*** SOURCE RECORDS

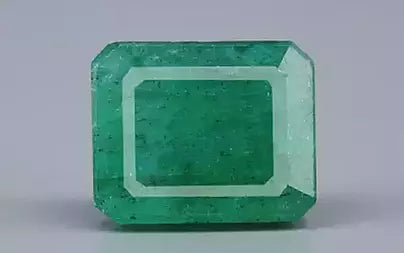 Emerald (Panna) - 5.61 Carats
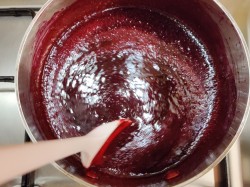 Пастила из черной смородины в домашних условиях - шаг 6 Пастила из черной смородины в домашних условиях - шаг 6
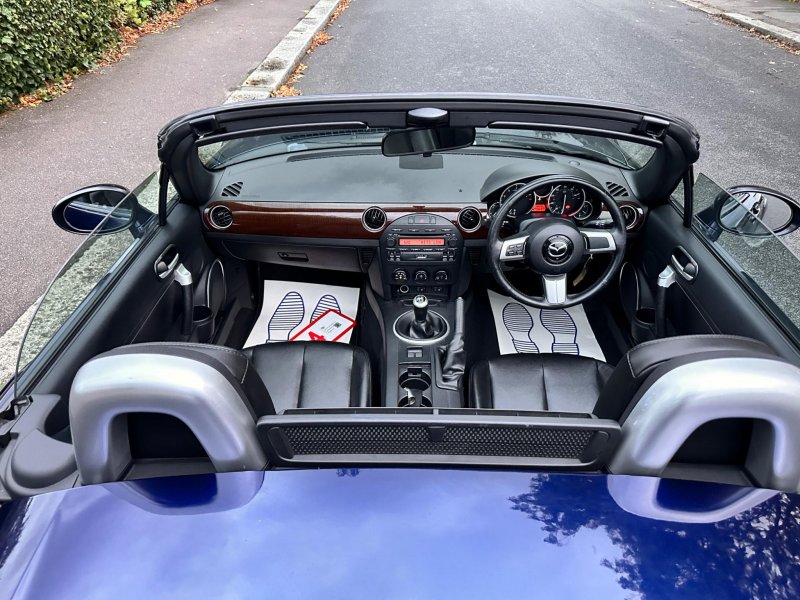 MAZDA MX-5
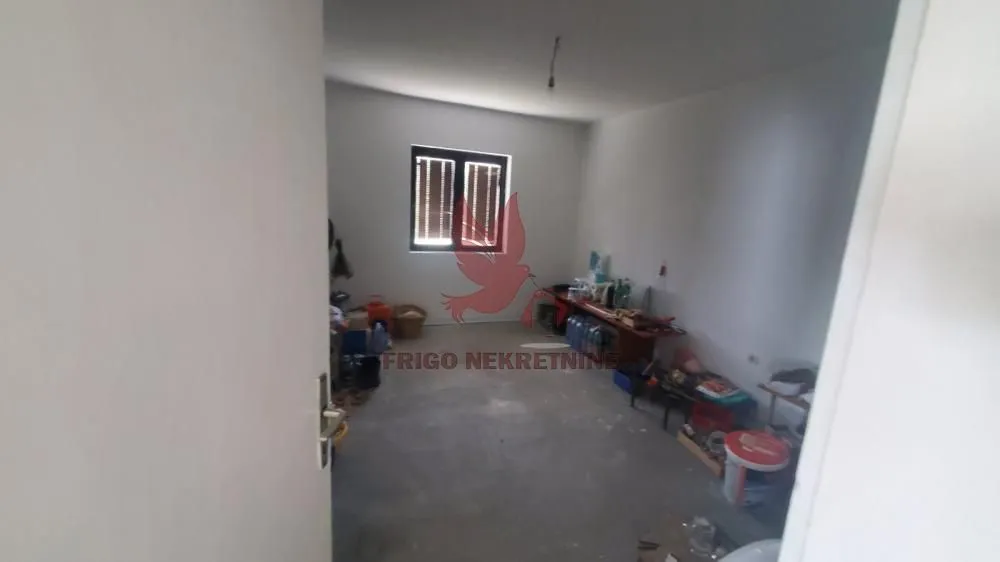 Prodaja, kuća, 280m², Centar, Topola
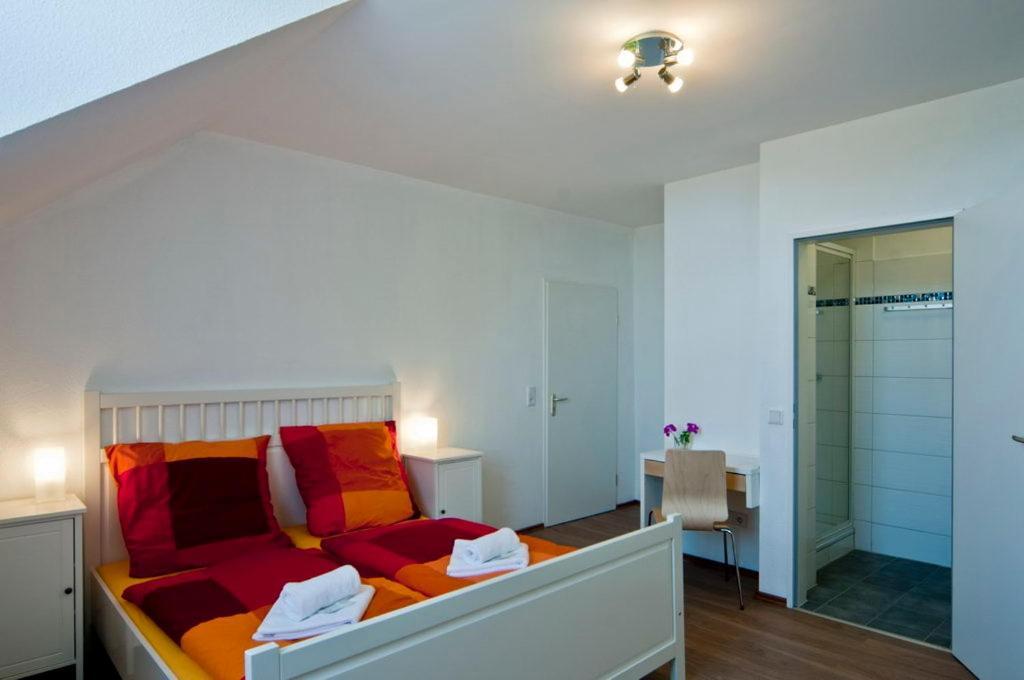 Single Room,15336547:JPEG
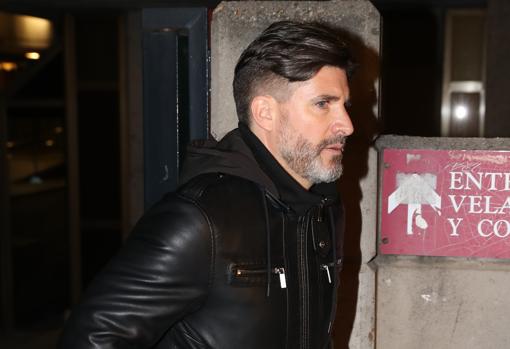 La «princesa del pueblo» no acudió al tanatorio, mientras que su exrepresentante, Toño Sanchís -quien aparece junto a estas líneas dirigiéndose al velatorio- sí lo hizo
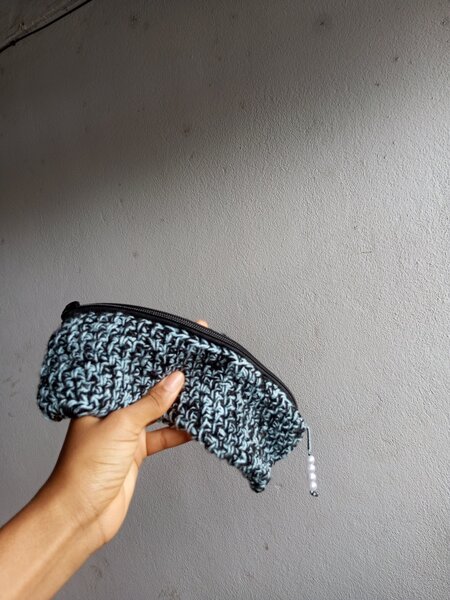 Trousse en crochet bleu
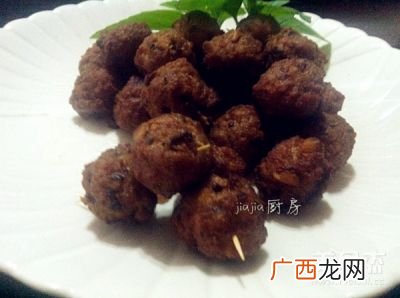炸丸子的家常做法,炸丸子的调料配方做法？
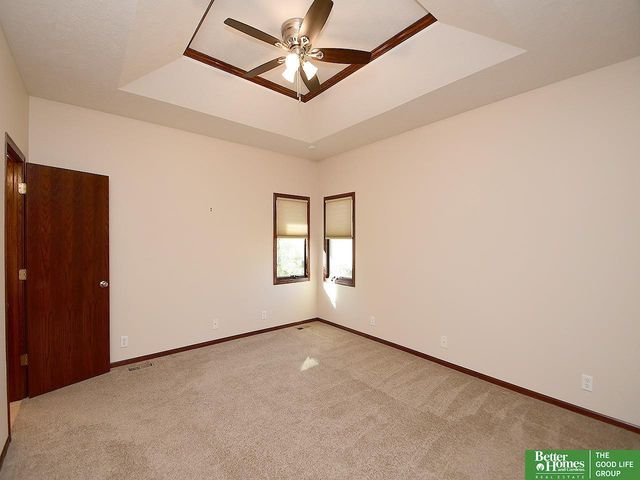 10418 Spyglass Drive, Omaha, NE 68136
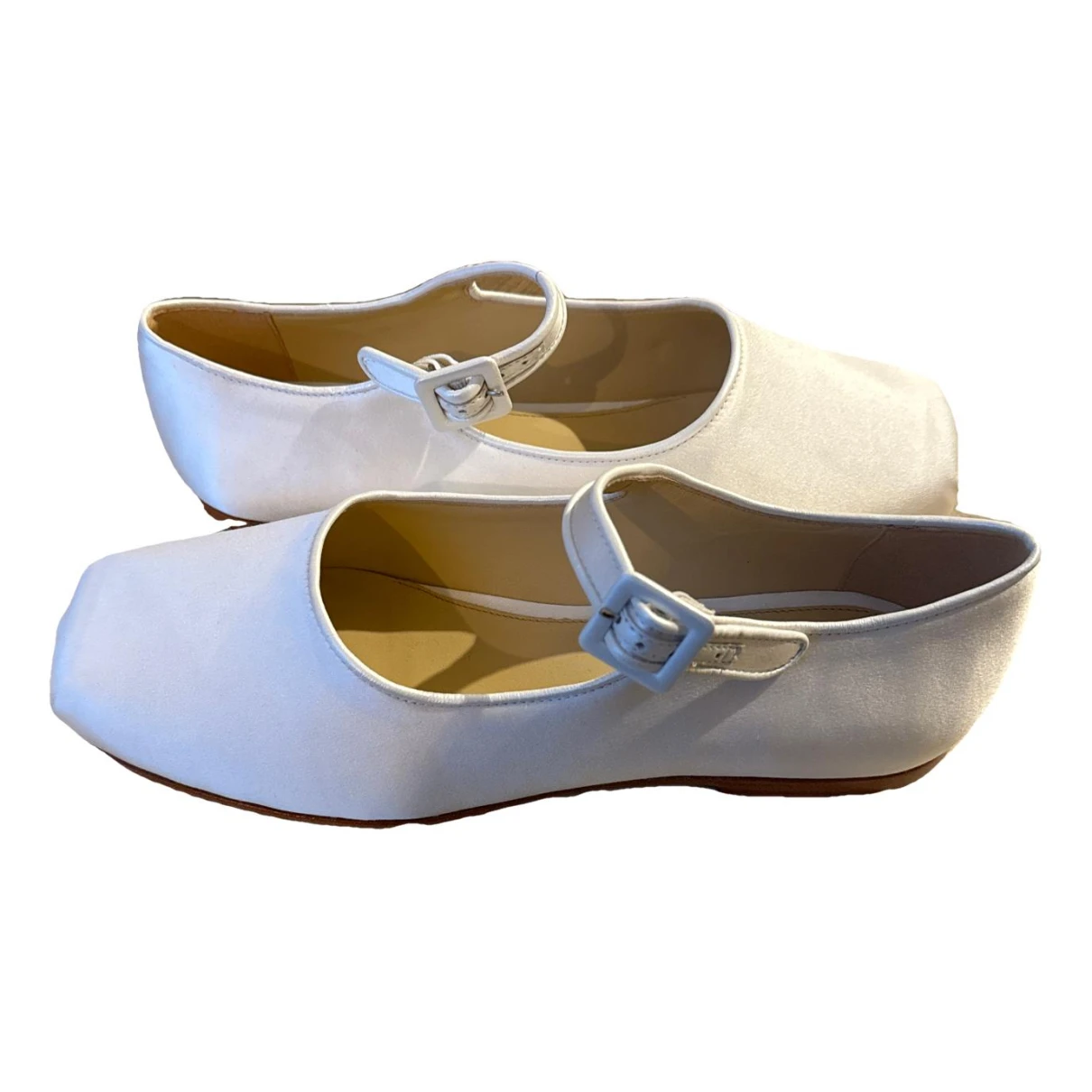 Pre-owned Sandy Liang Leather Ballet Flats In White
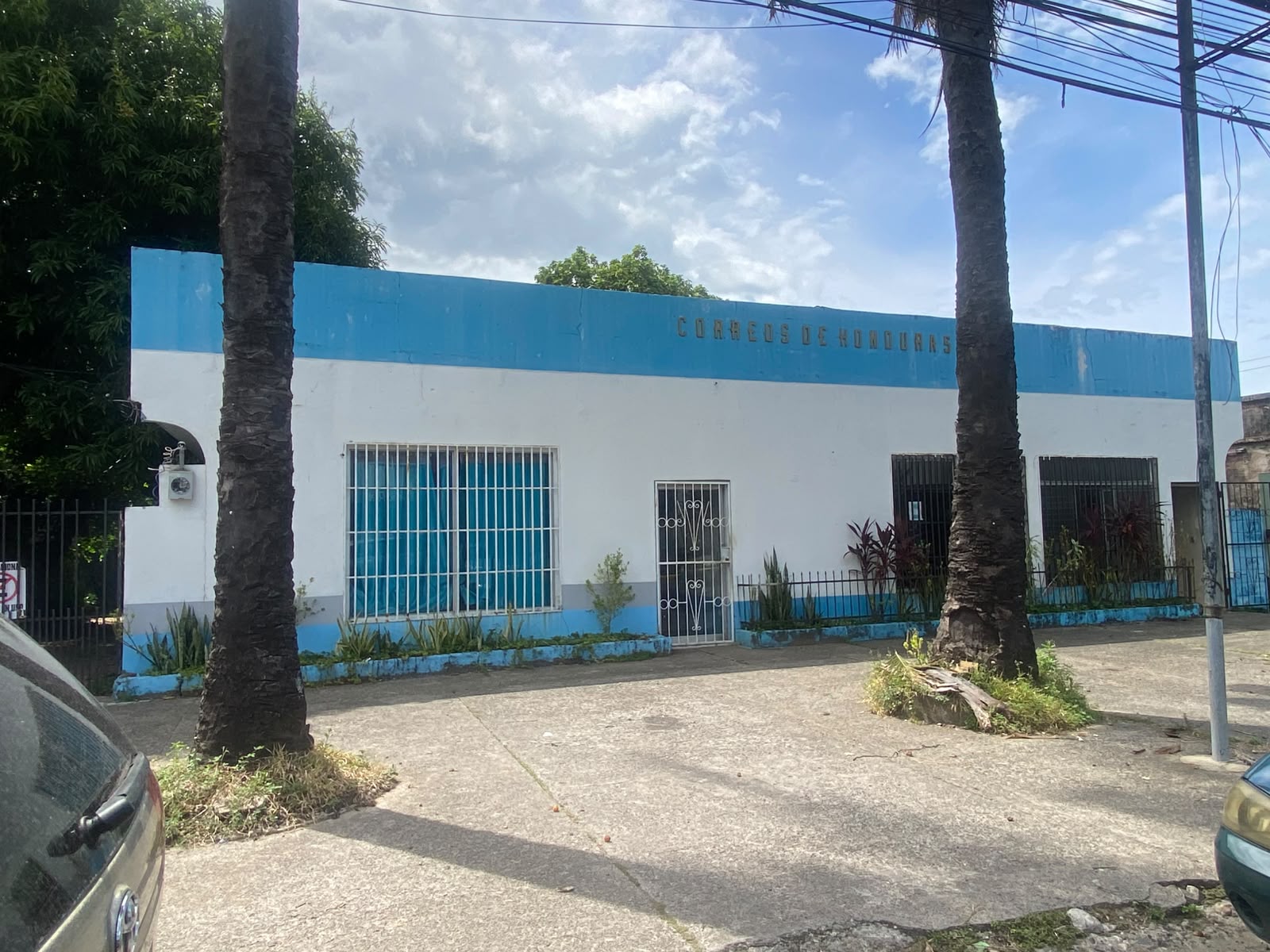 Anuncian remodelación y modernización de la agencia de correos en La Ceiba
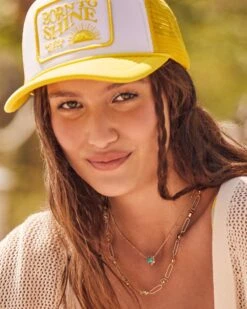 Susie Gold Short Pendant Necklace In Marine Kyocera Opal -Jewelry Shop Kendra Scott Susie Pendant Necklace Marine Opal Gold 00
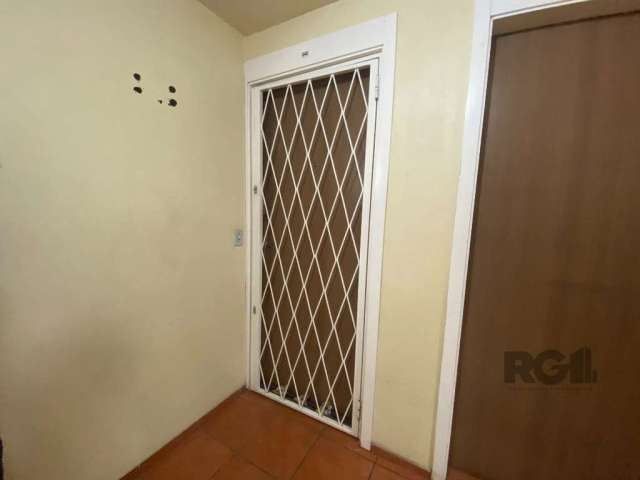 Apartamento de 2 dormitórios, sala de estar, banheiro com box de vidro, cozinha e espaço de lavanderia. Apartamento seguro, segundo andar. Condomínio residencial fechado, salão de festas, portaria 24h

******

WHAT THIS TASK INVOLVES:
Please print the lines from the one holding "Single Room,15336547:JPEG" through the end of the records above, unchanged and with the pictures left out.

ANSWER SECTION:
 Single Room,15336547:JPEG
 La «princesa del pueblo» no acudió al tanatorio, mientras que su exrepresentante, Toño Sanchís -quien aparece junto a estas líneas dirigiéndose al velatorio- sí lo hizo
 Trousse en crochet bleu
炸丸子的家常做法,炸丸子的调料配方做法？
 10418 Spyglass Drive, Omaha, NE 68136
 Pre-owned Sandy Liang Leather Ballet Flats In White
 Anuncian remodelación y modernización de la agencia de correos en La Ceiba
 Susie Gold Short Pendant Necklace In Marine Kyocera Opal -Jewelry Shop Kendra Scott Susie Pendant Necklace Marine Opal Gold 00
 Apartamento de 2 dormitórios, sala de estar, banheiro com box de vidro, cozinha e espaço de lavanderia. Apartamento seguro, segundo andar. Condomínio residencial fechado, salão de festas, portaria 24h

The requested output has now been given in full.